I am a research scientist at the Uniformed Services University in Bethesda, Maryland. My research focuses on developing new analytical tools to facilitate understanding of dynamical processes that occur on networks. By realizing information theoretic analyses via nonparametric statistics, researchers can gain new insights into the organization of complex systems. A selection of my research interests are summarized below.


Understanding Complex Social Systems

For the first time in human history, we have massive data sets about how humans interact with each other and with their environment. This data arises from diverse settings, from cell phone call records to geotagged images to interactions on social media. The prevalence of such data has caused a renaissance in the social sciences, allowing for the quantitative study of how large populations of humans behave outside of the laboratory. However, the abundance of such data does not in itself offer understanding. Instead, we must turn to models that describe and explain this data. This has been the core mission behind the nascent field of computational social science. During my time in graduate school, I worked to advance this mission by developing statistical methods for understanding time series data drawn from complex social systems. You can find my PhD thesis related to this work here.

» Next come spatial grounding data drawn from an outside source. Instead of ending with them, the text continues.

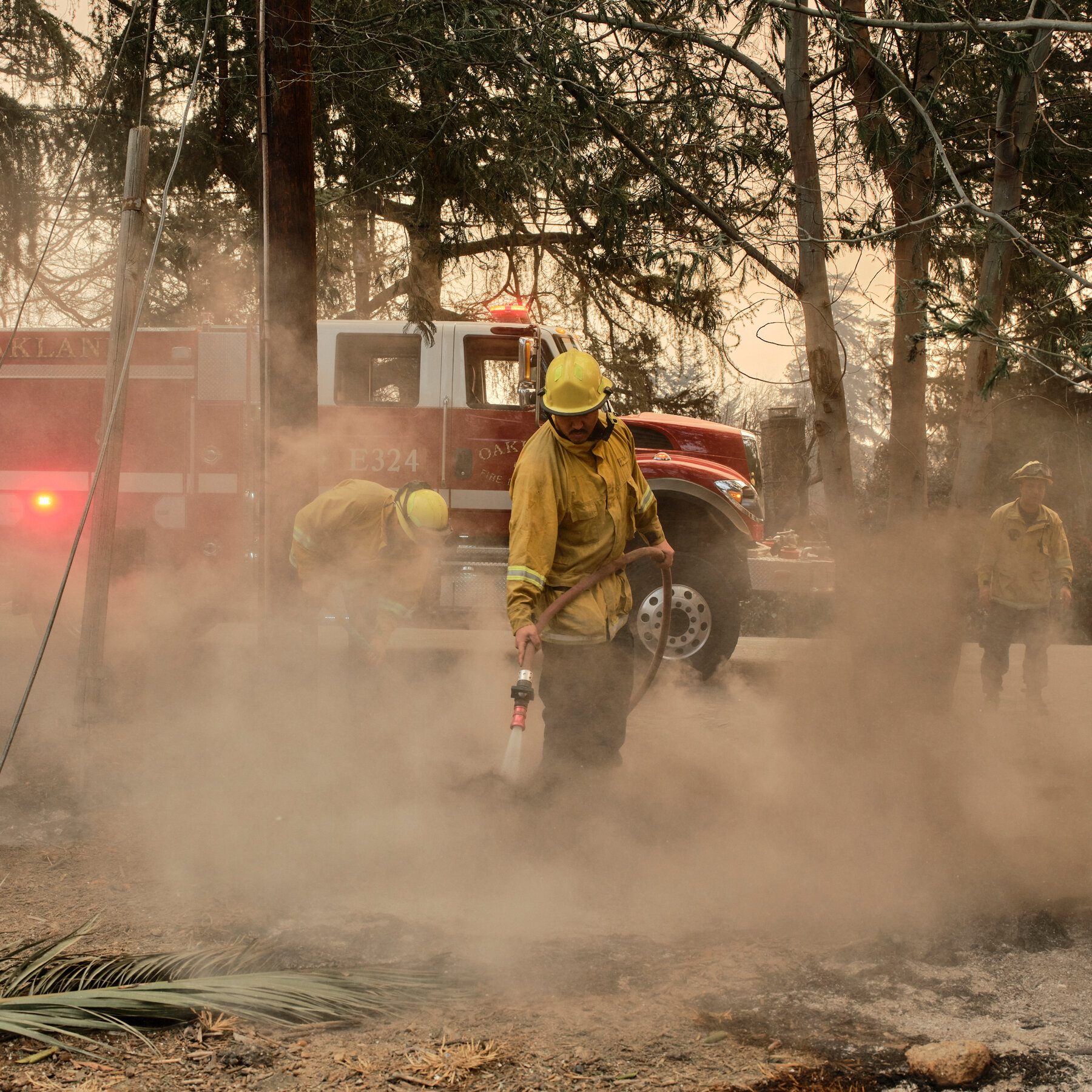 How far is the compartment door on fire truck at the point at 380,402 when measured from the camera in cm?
690

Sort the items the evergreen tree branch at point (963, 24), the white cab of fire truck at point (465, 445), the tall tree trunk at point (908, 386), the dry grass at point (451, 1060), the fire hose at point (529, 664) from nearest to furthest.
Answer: the dry grass at point (451, 1060) < the evergreen tree branch at point (963, 24) < the fire hose at point (529, 664) < the tall tree trunk at point (908, 386) < the white cab of fire truck at point (465, 445)

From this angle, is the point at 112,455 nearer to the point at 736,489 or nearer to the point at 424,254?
the point at 424,254

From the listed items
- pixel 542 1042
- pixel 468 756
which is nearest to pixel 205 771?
pixel 468 756

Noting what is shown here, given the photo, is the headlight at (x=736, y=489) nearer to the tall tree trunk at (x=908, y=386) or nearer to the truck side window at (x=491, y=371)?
the tall tree trunk at (x=908, y=386)

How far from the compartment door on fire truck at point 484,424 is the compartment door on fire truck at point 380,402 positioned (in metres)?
0.12

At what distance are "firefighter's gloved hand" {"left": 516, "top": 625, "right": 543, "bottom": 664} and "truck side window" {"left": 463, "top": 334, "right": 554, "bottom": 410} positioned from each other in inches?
145

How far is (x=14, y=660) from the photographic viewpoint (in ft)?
22.9

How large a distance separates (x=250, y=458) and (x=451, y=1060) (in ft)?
16.6

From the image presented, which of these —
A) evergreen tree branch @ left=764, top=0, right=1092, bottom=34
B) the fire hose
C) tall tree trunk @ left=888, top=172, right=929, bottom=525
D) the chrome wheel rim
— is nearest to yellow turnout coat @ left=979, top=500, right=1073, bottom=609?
tall tree trunk @ left=888, top=172, right=929, bottom=525

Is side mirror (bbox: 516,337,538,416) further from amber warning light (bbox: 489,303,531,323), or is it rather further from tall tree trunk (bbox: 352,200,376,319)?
tall tree trunk (bbox: 352,200,376,319)

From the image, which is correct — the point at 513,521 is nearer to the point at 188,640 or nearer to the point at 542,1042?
the point at 542,1042

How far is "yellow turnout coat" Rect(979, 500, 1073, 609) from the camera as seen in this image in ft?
20.6

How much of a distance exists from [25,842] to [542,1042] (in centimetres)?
236

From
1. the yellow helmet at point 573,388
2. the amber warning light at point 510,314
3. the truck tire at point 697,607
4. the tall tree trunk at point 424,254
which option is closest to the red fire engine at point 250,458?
the truck tire at point 697,607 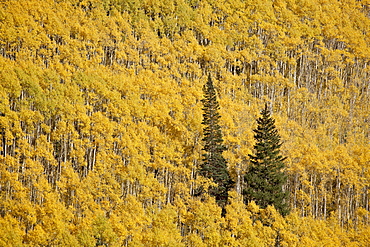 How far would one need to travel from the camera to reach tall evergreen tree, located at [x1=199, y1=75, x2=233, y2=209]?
88.0 meters

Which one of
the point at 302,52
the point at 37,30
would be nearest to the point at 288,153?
the point at 302,52

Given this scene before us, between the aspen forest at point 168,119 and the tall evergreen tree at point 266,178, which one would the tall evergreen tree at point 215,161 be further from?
the tall evergreen tree at point 266,178

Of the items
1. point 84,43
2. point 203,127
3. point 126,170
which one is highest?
point 84,43

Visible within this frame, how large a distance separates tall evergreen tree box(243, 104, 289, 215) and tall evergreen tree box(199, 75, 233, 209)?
3.09m

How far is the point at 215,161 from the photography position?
89.7m

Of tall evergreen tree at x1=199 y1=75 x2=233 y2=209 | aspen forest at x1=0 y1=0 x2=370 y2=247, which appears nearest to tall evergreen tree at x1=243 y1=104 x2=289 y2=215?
aspen forest at x1=0 y1=0 x2=370 y2=247

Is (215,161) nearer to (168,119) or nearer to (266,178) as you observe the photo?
(266,178)

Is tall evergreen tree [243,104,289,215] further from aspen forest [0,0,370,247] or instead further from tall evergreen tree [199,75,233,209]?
tall evergreen tree [199,75,233,209]

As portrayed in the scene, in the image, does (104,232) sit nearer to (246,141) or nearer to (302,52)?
(246,141)

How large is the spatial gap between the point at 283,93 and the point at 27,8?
5126 centimetres

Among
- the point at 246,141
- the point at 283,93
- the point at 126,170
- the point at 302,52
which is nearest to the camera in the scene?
the point at 126,170

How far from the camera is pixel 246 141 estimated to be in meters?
97.1

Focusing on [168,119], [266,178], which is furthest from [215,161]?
[168,119]

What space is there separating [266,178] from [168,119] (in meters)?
20.7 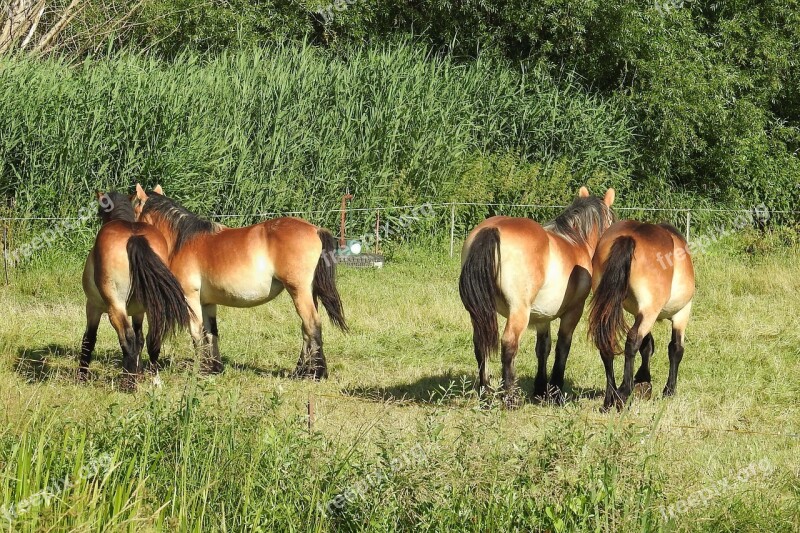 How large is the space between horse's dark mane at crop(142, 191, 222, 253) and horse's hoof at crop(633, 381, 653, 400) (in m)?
3.96

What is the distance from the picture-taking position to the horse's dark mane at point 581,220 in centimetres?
808

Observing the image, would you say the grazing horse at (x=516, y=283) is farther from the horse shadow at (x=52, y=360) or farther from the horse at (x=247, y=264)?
the horse shadow at (x=52, y=360)

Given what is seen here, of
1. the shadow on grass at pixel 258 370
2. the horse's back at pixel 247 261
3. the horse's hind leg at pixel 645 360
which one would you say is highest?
the horse's back at pixel 247 261

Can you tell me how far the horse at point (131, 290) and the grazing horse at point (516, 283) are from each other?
7.74ft

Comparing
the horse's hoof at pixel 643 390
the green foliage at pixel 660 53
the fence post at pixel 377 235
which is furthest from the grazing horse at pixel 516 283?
the green foliage at pixel 660 53

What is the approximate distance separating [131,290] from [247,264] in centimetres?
110

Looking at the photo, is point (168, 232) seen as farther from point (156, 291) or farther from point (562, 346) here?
point (562, 346)

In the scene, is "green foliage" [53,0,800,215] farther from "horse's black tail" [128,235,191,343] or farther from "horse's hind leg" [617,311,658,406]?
"horse's black tail" [128,235,191,343]

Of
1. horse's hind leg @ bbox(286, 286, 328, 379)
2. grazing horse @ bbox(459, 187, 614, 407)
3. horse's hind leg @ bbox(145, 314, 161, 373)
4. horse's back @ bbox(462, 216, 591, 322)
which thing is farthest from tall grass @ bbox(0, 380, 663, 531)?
horse's hind leg @ bbox(286, 286, 328, 379)

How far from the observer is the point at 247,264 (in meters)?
8.65

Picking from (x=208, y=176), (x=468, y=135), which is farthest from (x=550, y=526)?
(x=468, y=135)

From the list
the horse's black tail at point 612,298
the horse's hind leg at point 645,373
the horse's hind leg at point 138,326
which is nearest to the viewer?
the horse's black tail at point 612,298

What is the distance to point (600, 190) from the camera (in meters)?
19.0

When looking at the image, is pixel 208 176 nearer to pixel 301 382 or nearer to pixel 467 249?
pixel 301 382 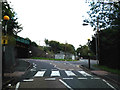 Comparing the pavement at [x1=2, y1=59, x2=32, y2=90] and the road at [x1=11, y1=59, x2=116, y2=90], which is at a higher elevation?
the pavement at [x1=2, y1=59, x2=32, y2=90]

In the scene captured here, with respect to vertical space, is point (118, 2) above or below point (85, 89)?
above

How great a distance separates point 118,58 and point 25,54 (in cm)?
3322

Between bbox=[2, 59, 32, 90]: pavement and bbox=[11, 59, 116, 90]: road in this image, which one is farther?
bbox=[2, 59, 32, 90]: pavement

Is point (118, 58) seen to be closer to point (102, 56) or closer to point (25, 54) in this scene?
point (102, 56)

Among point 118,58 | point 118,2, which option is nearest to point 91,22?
point 118,2

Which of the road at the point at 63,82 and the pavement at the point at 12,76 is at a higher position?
the pavement at the point at 12,76

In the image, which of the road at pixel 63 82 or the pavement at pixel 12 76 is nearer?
the road at pixel 63 82

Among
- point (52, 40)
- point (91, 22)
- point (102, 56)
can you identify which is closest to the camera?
point (91, 22)

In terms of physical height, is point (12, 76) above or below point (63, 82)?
above

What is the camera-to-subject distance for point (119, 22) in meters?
11.4

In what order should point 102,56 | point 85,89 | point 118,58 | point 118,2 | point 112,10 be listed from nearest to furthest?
point 85,89
point 118,2
point 112,10
point 118,58
point 102,56

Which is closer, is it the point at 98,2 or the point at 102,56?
the point at 98,2

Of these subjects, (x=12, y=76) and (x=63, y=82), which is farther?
(x=12, y=76)

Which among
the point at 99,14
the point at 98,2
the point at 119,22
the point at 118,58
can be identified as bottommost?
the point at 118,58
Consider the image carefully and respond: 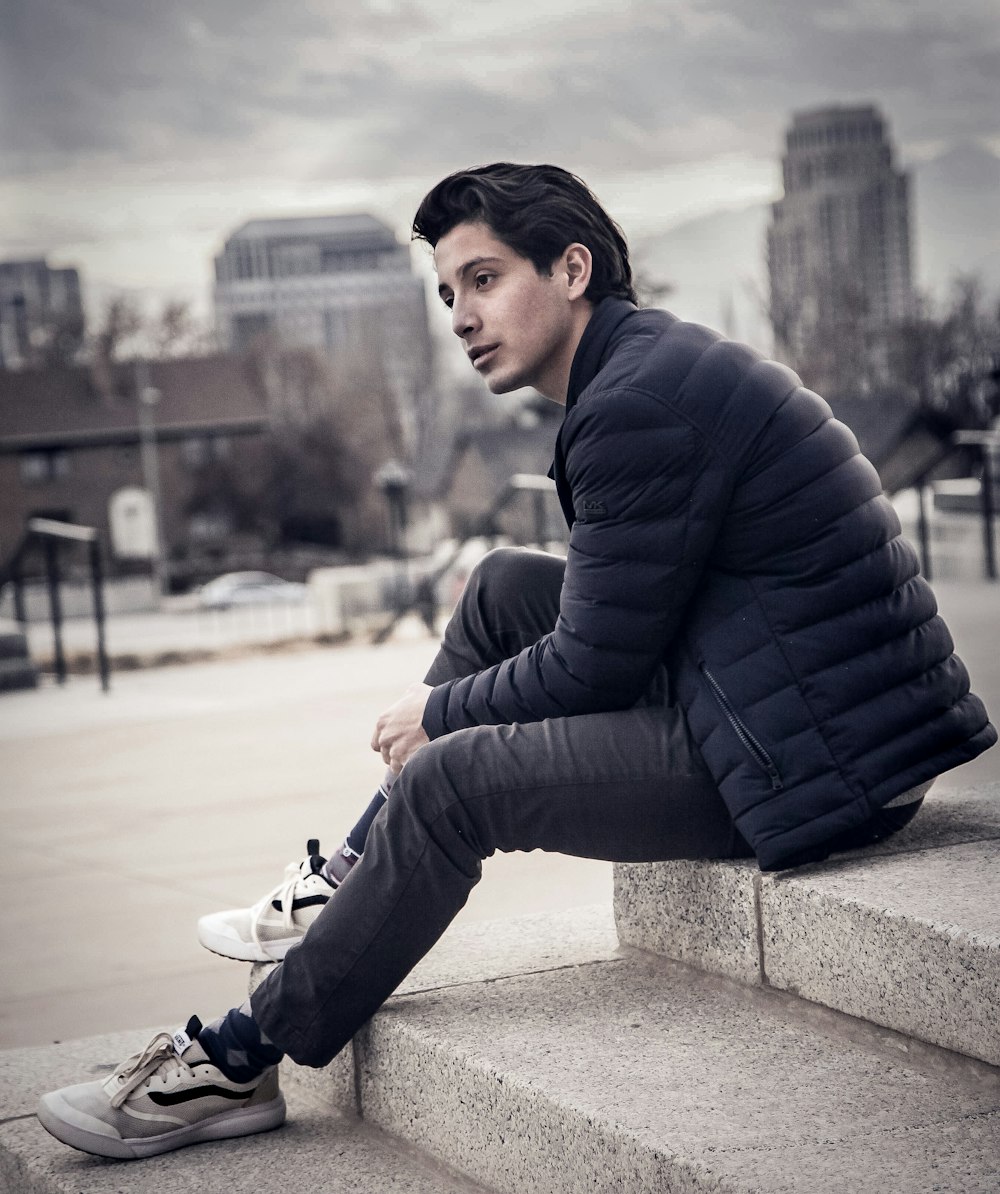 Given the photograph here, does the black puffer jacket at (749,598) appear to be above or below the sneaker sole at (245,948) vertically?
above

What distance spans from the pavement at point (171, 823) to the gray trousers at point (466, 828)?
3.23 feet

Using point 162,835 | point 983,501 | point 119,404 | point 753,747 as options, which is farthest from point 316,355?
point 753,747

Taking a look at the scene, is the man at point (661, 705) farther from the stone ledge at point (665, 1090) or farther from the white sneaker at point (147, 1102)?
the stone ledge at point (665, 1090)

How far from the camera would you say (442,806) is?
5.98ft

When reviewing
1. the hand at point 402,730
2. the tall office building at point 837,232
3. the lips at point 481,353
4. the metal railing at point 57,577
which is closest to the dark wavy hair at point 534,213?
the lips at point 481,353

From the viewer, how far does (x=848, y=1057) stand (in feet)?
5.60

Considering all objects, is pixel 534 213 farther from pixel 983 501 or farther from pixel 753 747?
pixel 983 501

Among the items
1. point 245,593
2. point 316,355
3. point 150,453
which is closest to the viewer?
point 245,593

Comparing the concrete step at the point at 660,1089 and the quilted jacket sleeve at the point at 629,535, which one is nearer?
the concrete step at the point at 660,1089

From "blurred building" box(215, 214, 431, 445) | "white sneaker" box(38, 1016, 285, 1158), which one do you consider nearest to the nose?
"white sneaker" box(38, 1016, 285, 1158)

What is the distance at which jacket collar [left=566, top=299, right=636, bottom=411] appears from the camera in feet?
6.48

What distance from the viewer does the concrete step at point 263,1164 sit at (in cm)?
186

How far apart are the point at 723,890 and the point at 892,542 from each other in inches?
19.2

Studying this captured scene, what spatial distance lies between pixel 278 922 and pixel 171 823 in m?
2.64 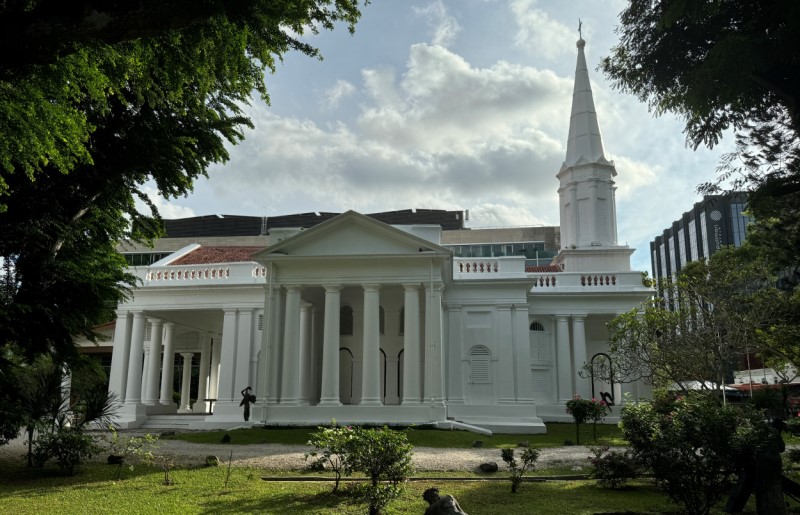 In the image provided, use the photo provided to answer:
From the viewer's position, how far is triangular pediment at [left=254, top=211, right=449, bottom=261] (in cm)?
2175

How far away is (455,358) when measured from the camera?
2516 cm

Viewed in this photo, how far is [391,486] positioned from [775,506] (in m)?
4.97

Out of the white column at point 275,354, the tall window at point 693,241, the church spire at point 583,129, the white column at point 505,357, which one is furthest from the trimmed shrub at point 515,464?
the tall window at point 693,241

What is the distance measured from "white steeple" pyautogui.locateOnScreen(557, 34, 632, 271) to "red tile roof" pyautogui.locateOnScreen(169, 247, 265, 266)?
15981mm

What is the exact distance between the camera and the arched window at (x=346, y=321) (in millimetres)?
26453

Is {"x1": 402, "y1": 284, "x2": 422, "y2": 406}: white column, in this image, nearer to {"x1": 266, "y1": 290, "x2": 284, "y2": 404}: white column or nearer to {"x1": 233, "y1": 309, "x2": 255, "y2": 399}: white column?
{"x1": 266, "y1": 290, "x2": 284, "y2": 404}: white column

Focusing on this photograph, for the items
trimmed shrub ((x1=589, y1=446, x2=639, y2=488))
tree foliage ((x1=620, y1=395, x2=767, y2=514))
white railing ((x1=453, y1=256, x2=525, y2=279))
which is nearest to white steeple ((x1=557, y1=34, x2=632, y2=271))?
white railing ((x1=453, y1=256, x2=525, y2=279))

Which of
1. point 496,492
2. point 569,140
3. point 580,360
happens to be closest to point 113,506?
point 496,492

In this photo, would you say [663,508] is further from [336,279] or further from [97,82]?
[336,279]

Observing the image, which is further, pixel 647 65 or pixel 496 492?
pixel 647 65

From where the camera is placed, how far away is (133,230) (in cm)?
1484

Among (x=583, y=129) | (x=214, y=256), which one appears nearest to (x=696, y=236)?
(x=583, y=129)

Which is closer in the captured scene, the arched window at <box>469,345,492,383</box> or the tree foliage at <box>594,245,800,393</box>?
the tree foliage at <box>594,245,800,393</box>

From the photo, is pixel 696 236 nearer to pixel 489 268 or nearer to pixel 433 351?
pixel 489 268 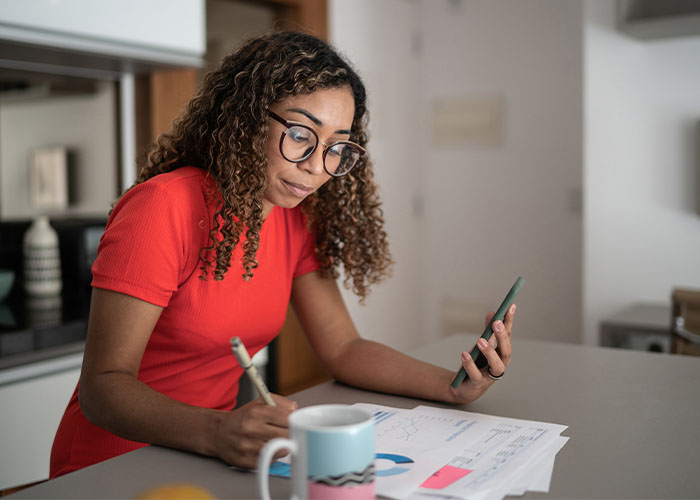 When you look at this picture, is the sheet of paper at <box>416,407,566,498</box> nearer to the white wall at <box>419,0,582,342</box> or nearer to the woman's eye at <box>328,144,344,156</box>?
the woman's eye at <box>328,144,344,156</box>

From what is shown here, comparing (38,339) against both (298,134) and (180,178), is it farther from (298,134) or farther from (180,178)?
(298,134)

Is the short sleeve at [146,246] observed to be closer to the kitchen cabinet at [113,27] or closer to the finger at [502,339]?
the finger at [502,339]

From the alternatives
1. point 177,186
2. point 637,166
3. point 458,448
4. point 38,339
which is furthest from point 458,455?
point 637,166

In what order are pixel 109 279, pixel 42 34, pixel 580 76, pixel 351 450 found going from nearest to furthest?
pixel 351 450
pixel 109 279
pixel 42 34
pixel 580 76

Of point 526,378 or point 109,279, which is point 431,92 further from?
point 109,279

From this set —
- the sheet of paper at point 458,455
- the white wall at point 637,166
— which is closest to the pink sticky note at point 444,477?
the sheet of paper at point 458,455

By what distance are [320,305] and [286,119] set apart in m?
0.41

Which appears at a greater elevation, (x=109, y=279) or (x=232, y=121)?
(x=232, y=121)

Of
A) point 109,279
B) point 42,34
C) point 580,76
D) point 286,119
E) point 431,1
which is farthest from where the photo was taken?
point 431,1

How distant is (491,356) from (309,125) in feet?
1.63

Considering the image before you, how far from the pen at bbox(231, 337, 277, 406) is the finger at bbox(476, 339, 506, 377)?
0.38m

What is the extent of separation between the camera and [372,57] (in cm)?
396

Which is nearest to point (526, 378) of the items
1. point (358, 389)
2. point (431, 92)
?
point (358, 389)

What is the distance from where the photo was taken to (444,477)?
866 mm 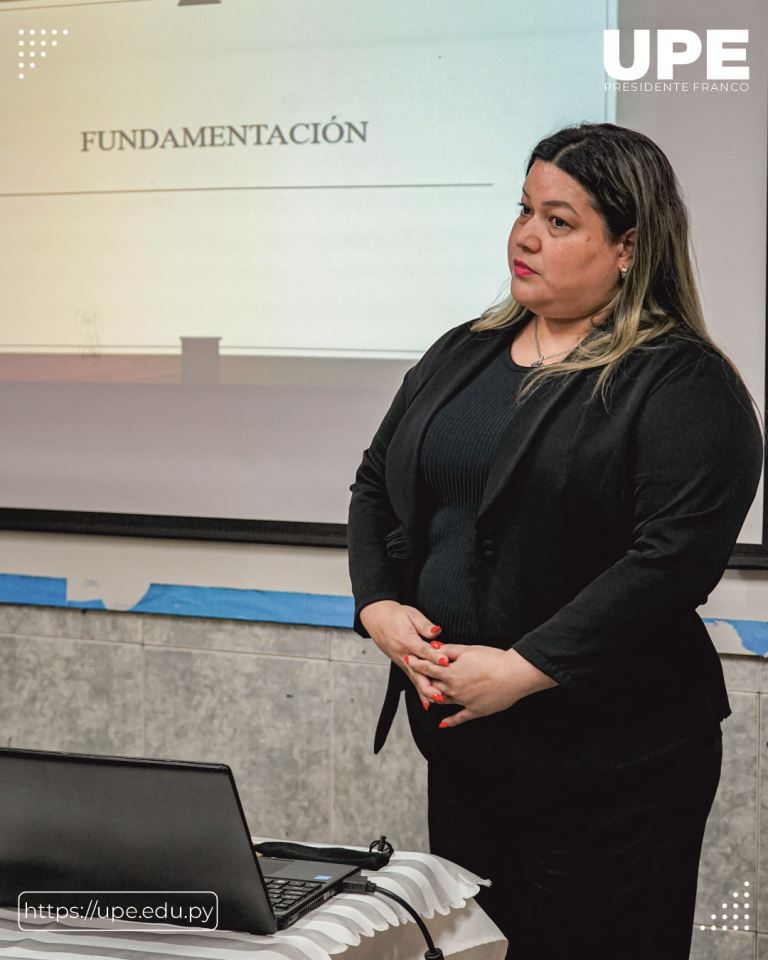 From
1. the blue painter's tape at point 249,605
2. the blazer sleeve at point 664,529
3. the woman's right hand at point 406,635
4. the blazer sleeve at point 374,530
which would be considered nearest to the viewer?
the blazer sleeve at point 664,529

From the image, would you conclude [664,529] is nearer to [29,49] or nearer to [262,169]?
[262,169]

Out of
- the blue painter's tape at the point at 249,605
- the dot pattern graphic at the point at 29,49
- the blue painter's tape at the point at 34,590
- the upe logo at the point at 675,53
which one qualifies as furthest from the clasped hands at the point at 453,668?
the dot pattern graphic at the point at 29,49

Operationalizing Information Dynamics

Information theory provides a mathematical framework for describing how a system stores, processes, and transmits information. Developed by Claude Shannon in the 1940s to model communication channels, information theory has undergone a renaissance, finding applications in the physical, biological, and social sciences. My research focuses on developing new information theoretic measures that can be estimated from data, with an emphasis on methods applicable to dynamical systems. Two new measures in this vein are the Specific Entropy Rate and the Specific Transfer Entropy.


Operationalizing Computational Mechanics

Computational mechanics is a subdiscipline of the theory of stochastic processes motivated by finding the minimal representation of a stochastic process based on its predictive distribution. It is not this, and really warrants its own Wikipedia entry. For a good overview, see here, and here, while the course material still exists. An excellent review article is here.

The central object of study for computational mechanics is the causal or predictive states of the process, resulting from partitioning pasts of the process based on their predictive distributions, and the transitions between those states.

My main contribution to the practice of computational mechanics is the first implementation of a reconstruction algorithm for the predictive states of an input-output process, called Transducer Causal State Splitting Reconstruction, or transCSSR for short. You can find a Python module that implements transCSSR here.